§ AIM OF THE EXERCISE
From the entries below, reproduce exactly the lines from the one with "GEORGE LOMBARD JR" through the one with "Blumen & Magie", both included, without images.

§ SUPPLIED MATERIAL
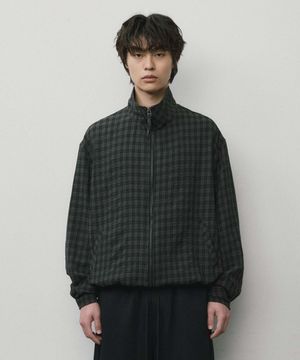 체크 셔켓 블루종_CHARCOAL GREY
...
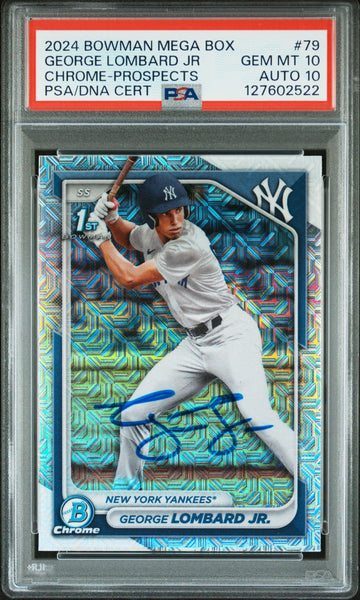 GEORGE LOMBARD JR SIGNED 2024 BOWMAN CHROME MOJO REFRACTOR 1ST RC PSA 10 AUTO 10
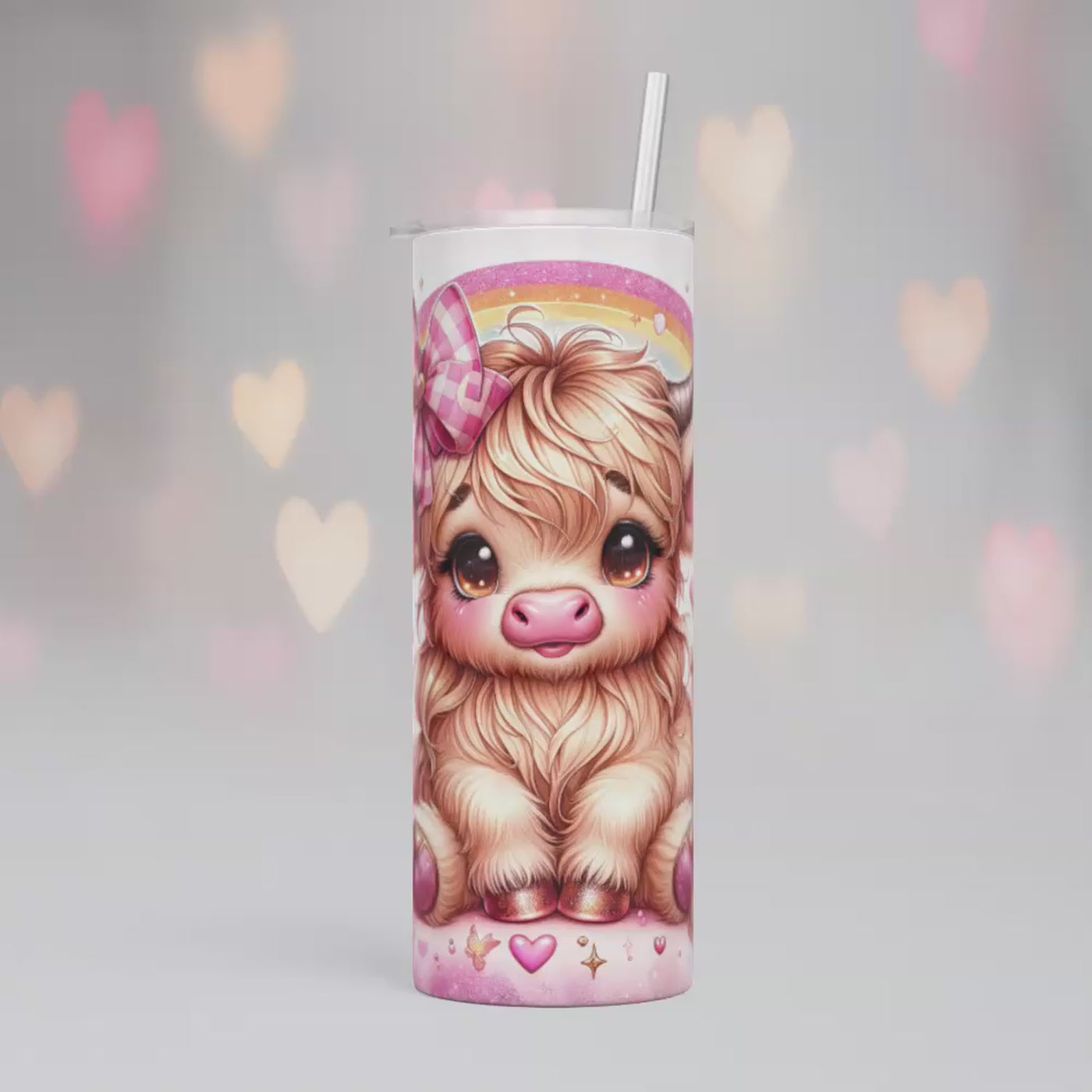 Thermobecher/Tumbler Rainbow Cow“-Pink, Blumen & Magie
==
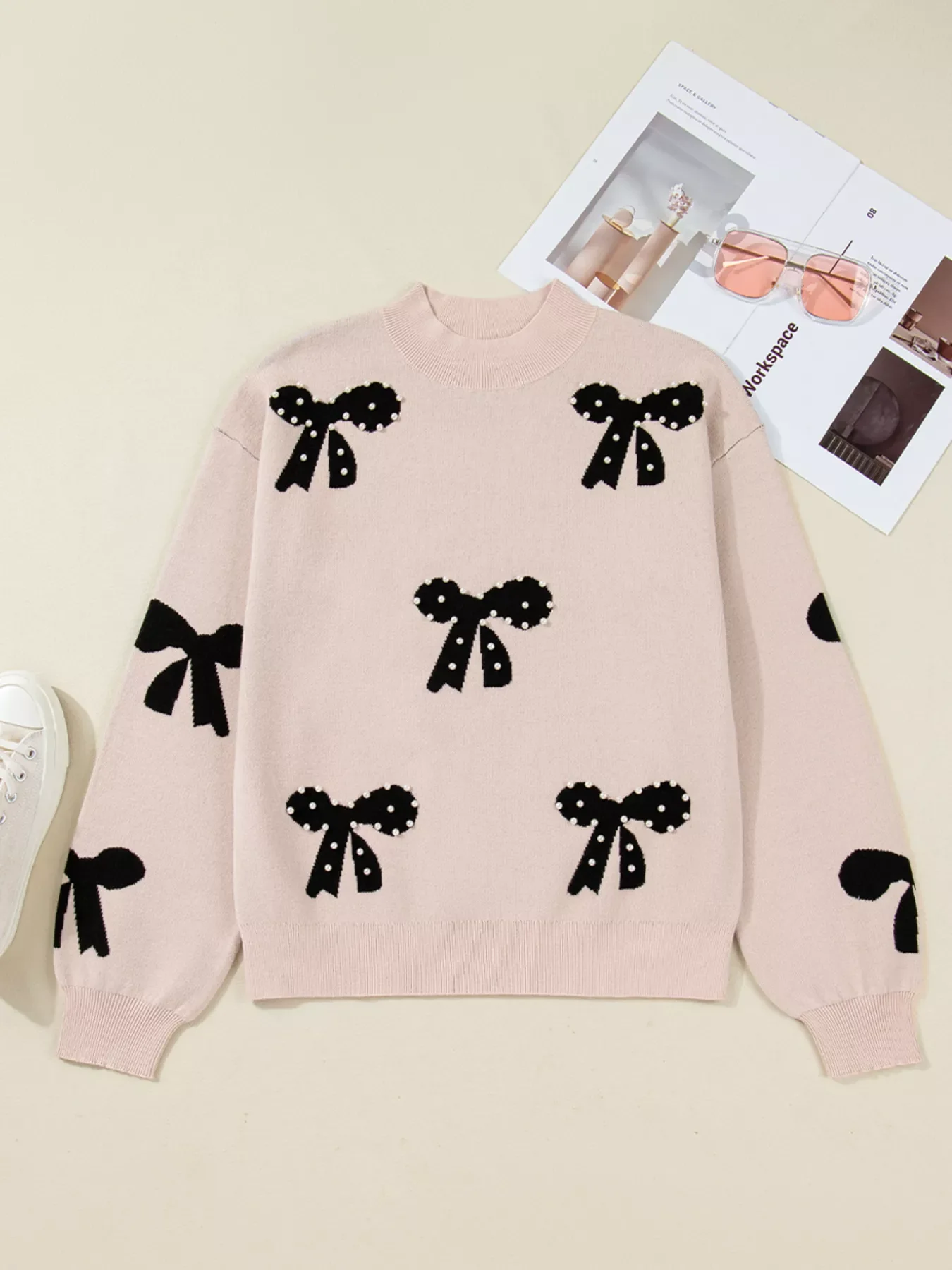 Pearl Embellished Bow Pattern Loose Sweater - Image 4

§ YOUR RESPONSE
 GEORGE LOMBARD JR SIGNED 2024 BOWMAN CHROME MOJO REFRACTOR 1ST RC PSA 10 AUTO 10
 Thermobecher/Tumbler Rainbow Cow“-Pink, Blumen & Magie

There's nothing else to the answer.